(WHAT YOU WILL DO): Beginning with the line that holds "ウォールナット無垢材使用】ダイニングカウンターテーブル 幅150cm", copy each line through the end of the material below, exactly and with no pictures.

(STORED DATA):
#####
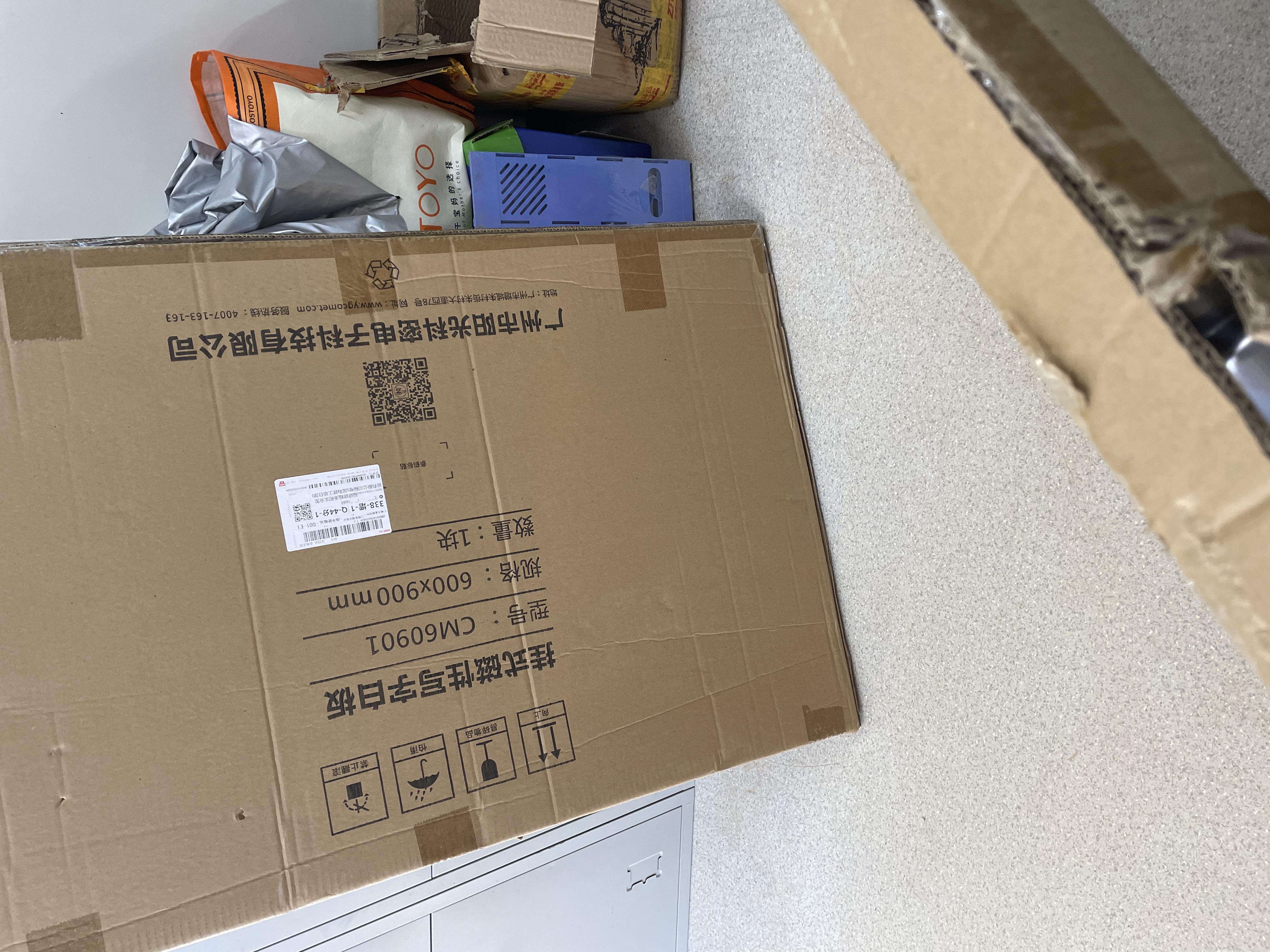 科密60*90cm白板 书写磁性悬挂式易擦写字板 办公会议家用教学黑板店铺培训儿童画板CM60901 实拍图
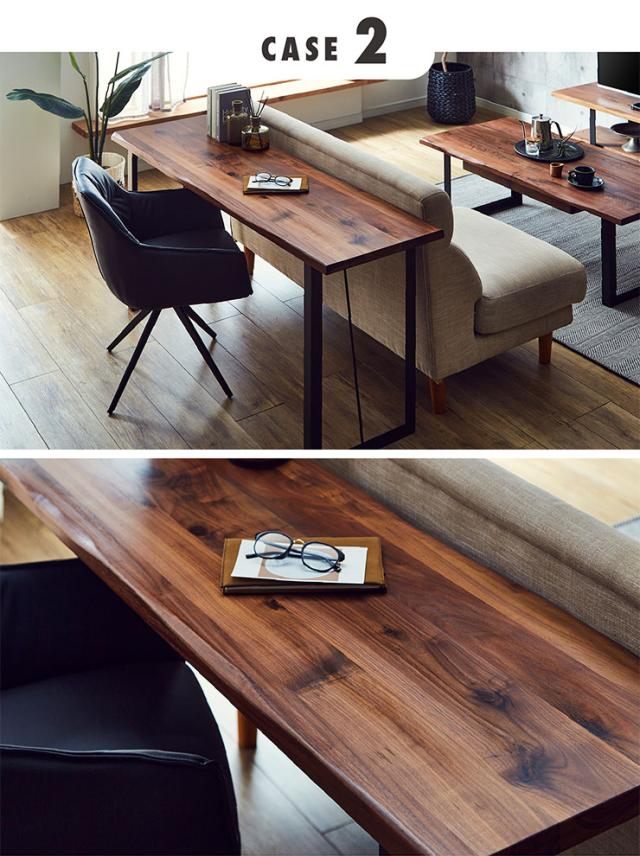 ウォールナット無垢材使用】ダイニングカウンターテーブル 幅150cm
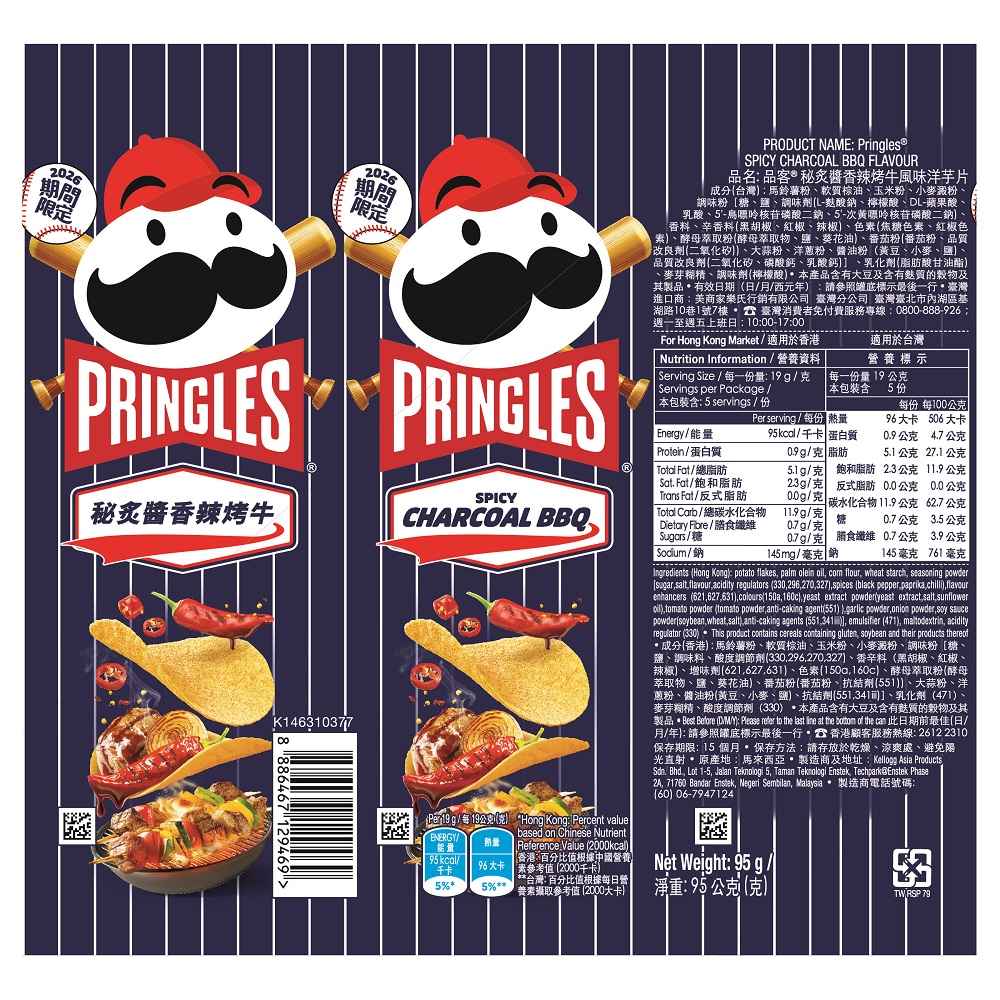 品客秘炙醬香辣烤牛風味洋芋片, , large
#####
(RESPONSE TO THE TASK):
 ウォールナット無垢材使用】ダイニングカウンターテーブル 幅150cm
 品客秘炙醬香辣烤牛風味洋芋片, , large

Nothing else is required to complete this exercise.